A flight of stairs leads up from the heart of Rundle Street, Adelaide to an extraordinary new 25-seat restaurant called Orana. 'Welcome'.

Inside, the space is furnished with streamlined mid-century furniture, the walls claimed by free-hand Italian artist, 2501, the pitched ceiling riddled with holes. There is no menu, just a door to a small kitchen. The first things to come out to the bare table are twisted, grey-green twigs of fried saltbush, immediately branding themselves as our very own salt and vinegar chips. It's the very best way to start a meal in Australia, ever.

Orana's chef and owner Jock Zonfrillo.
Orana's chef and owner Jock Zonfrillo.


Then Spencer Gulf prawns, their up-turned bellies holding drops of dill oil. Lozenges of Wagyu intercostal topped with a slurry of bittergrass. Pearl meat on a spoon with Dorrigo pepper. Coorong mulloway with native cherries and sea parsley. Starchy, blond folds of white yam, like discarded linen napkins. Kangaroo with native pepper. Coconut, with coconut ash and native currants. Riberries with frozen gin. We eat with our fingers. We drink wine, from Beechworth, Adelaide Hills, Coonawarra, Austria. Taste things called three-cornered garlic, sow thistles, cinnamon myrtle, wild peas, chocolate lily. What is this stuff? Why isn't it on every menu, out there in shops, in our own kitchens?

The wagyu.
Wagyu topped with a slurry of bittergrass.

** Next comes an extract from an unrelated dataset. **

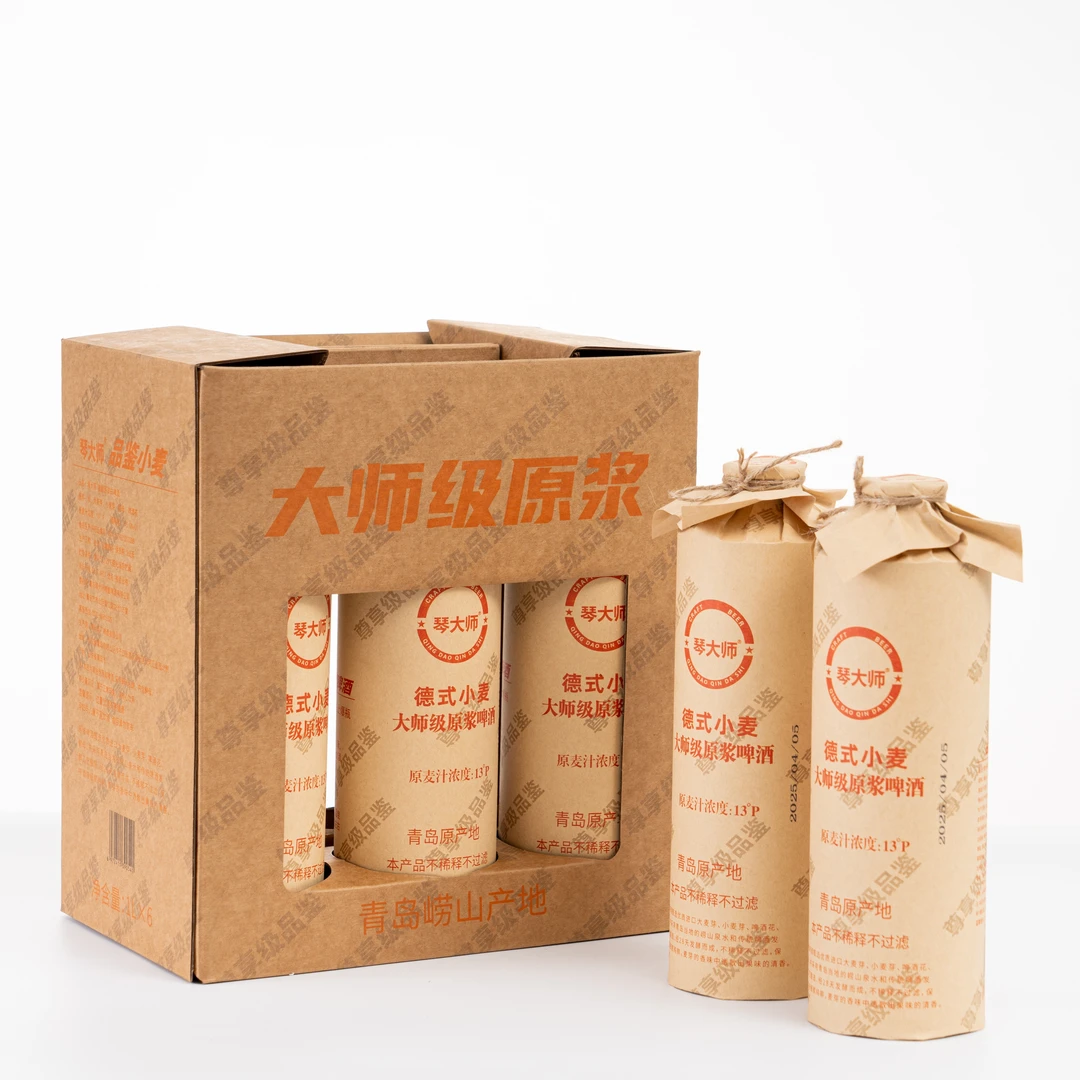 青岛产地精酿啤酒1LX6罐德式小麦精酿原浆白啤高浓度浑浊型啤酒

It's easy to feel ignorant here. We should feel ignorant. We ARE ignorant. These ingredients grow wild, under our noses. We blather on about cutting down on waste, yet ignore, for the most part, what is growing on our own land – that would have to be as much a waste as tossing out 60,000 chickens.

And this, coming from the hands of a Scottish bloke who only got here in 2000, but who has immersed himself as much as he possibly can in this country and its people. He knows these powerful, distinctive, often astringent flavours from the ground up, and it shows in every well-judged composition. He knows the supply lines are fragile; the connections raw. It's important to him to not just take from the land, but at the same time to give back and heal. And this food is healing, in so many ways, not least that you get up at the end of a matched degustation dinner with energy, feeling as if you have eaten lightly, naturally and healthily.

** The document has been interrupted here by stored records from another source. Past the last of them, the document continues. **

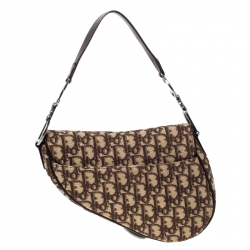 Pre Owned Dior Brown Oblique Canvas and Leather Saddle Bag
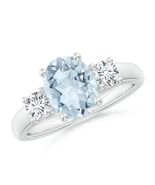 ANGARA Aquamarine &amp; Diamond Three Stone Ring in Sterling Silver (Size-9x... - $1,178.10+
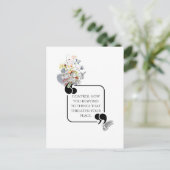 ミニマリスト内面平和図解入りの、写真付きの引用文 ポストカード (スタンド正面)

Because Zonfrillo can cook. He's instinctive, inspired, and never once gratuitous. The food sparkles with life and energy. It feels very Australian This is what he had been hoping to do at Penfold's Magill Estate in South Australia before that arrangement imploded; this timely, genuine evocation of our own wild and indigenous, plants, grasses, and animals. It's a great missed opportunity for them, but Orana sits very comfortably in Rundle Street among the Thais, Greeks and Italians. It feels right here.

Downstairs, the team has opened Street-ADL, a laid-back Adelaidian bar with streetwise street food at its core: slow-cooked kangaroo shoulder, pulled and stacked into soft rolls; pork ribs glazed and fried in quandong and bush tomato, riberry cocktails. It's an easy first taste of country, an open door into native flavours and ingredients. But when you're ready for something entirely new; book upstairs.

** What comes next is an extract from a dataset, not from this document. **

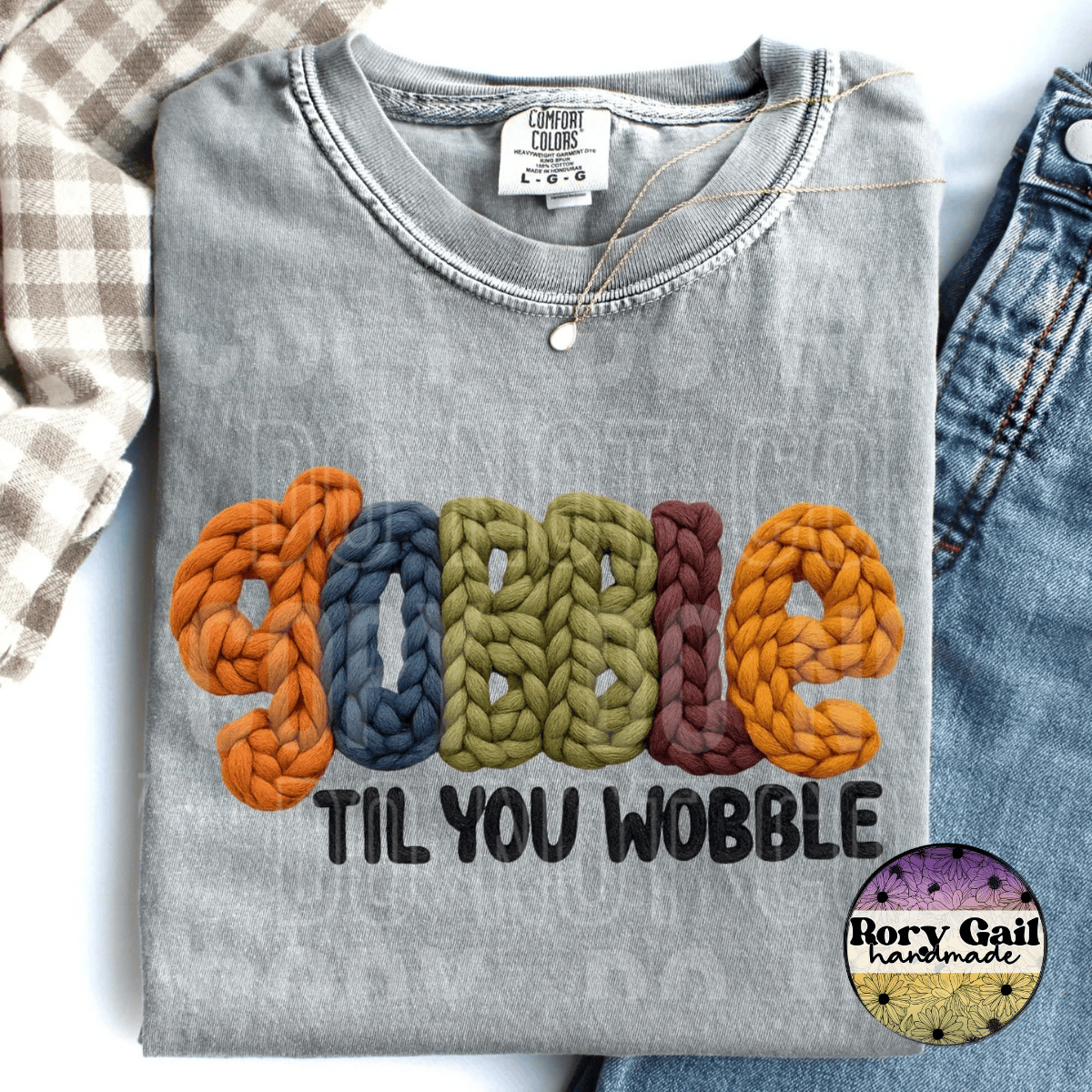 OCo T-Shirt Faux Knit Gobble Til You Wobble Adult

It's what's been missing, since Andrew Ffielke's Red Ochre Grill in Adelaide, Raymond and Jennice Kersh's Edna's Table and Jean-Paul Bruneteau's Rowntrees and Riberries in Sydney; since helpful books on the subject were written by Juleigh and Ian Robins, Jean-Paul Bruneteau, Vic Cherikoff, Andrew Ffielke, Benjamin Christie and more. Restaurants around the country are specialising in wild and native ingredients as part of this self-awakening – Tukka in Brisbane, Purple Goanna in Sydney, Jalaymba at Daintree, Charcoal Lane in Melbourne - as well as a growing number of chefs and home cooks, Aboriginal and non-Aboriginal, inspired to work with what we have. All are welcome.